Mathematical modelling of enzymatically cross‐linked polymer–phenol conjugates using deterministic and stochastic methods

Abstract

AbstractIn this study, two different modelling approaches, namely, a deterministic and a stochastic one, are developed to model the enzymatic cross‐linking of polymer–phenol conjugates. A comprehensive kinetic mechanism is postulated to describe the elementary reactions in the cross‐linking of polymer–phenol chains in the presence of the horseradish peroxidase (HRP)–H2O2 initiation system. In the first approach, a moments‐based model is derived to account for the conservation of all molecular species and leading moments of the number chain length distribution (NCLD) in the reactive system. In the second approach, a stochastic Monte Carlo kinetic model is formulated to follow the time evolution of a sample of cross‐linkable polymer chains and calculate the weight chain length distribution (WCLD).
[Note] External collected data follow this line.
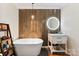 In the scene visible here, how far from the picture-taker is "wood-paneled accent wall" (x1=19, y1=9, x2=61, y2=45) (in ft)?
5.12

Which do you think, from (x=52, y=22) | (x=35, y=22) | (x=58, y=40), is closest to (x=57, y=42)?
(x=58, y=40)

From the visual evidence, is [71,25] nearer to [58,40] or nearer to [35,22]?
[58,40]

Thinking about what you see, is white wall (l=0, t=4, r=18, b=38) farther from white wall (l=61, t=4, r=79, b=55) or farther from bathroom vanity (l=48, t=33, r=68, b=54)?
white wall (l=61, t=4, r=79, b=55)

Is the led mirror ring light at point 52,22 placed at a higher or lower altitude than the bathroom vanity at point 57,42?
higher

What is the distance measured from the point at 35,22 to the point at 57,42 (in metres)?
0.46

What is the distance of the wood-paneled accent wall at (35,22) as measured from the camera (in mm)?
1561

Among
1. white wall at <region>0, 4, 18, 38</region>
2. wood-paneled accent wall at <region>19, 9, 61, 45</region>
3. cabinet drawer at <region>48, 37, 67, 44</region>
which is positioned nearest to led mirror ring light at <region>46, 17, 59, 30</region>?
wood-paneled accent wall at <region>19, 9, 61, 45</region>

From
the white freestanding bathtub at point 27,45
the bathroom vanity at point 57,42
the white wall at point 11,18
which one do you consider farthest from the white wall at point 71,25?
the white wall at point 11,18

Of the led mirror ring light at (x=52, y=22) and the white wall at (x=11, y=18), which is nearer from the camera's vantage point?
the white wall at (x=11, y=18)

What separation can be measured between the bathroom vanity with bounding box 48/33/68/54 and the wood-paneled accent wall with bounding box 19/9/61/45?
9 centimetres

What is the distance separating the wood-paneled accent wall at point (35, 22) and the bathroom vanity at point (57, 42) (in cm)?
9

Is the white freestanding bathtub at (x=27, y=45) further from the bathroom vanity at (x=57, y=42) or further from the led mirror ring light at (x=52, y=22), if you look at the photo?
the led mirror ring light at (x=52, y=22)

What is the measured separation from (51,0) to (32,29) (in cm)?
63

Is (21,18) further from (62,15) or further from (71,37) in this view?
(71,37) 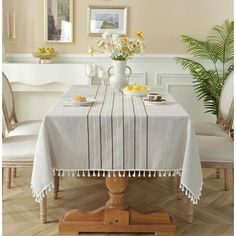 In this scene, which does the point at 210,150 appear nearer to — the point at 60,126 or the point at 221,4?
the point at 60,126

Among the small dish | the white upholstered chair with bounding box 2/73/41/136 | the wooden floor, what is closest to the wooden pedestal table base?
the wooden floor

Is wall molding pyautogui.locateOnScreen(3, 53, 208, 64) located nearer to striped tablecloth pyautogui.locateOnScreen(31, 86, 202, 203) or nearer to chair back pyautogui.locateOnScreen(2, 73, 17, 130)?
chair back pyautogui.locateOnScreen(2, 73, 17, 130)

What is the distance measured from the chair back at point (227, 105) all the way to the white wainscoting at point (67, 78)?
1.14 metres

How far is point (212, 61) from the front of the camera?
4.28 m

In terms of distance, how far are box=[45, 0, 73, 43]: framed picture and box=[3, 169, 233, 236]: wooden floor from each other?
154cm

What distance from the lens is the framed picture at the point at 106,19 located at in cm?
417

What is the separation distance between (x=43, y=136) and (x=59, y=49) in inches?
90.5

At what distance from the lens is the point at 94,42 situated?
425cm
From the numerical solutions of both models, the dynamic evolution of the concentrations of all the reactive species, the gelation onset time, the sol and gel mass fractions as well as the number and weight average molecular weights of the cross‐linkable polymer chains are calculated. The two derived models are validated using experimental kinetic measurements on the enzymatic cross‐linking of tyramine‐modified hyaluronic acid and carboxymethyl‐chitin. It is shown that both models can accurately predict the gelation onset time of the two cross‐linkable systems over a wide range of variations in HRP and H2O2 concentrations. Finally, the MC model predictions on the weight average number of polymer chains in the cross‐linked molecules are compared to Flory's analytical solution on the tetrafunctional cross‐linking of polymer chains of uniform length.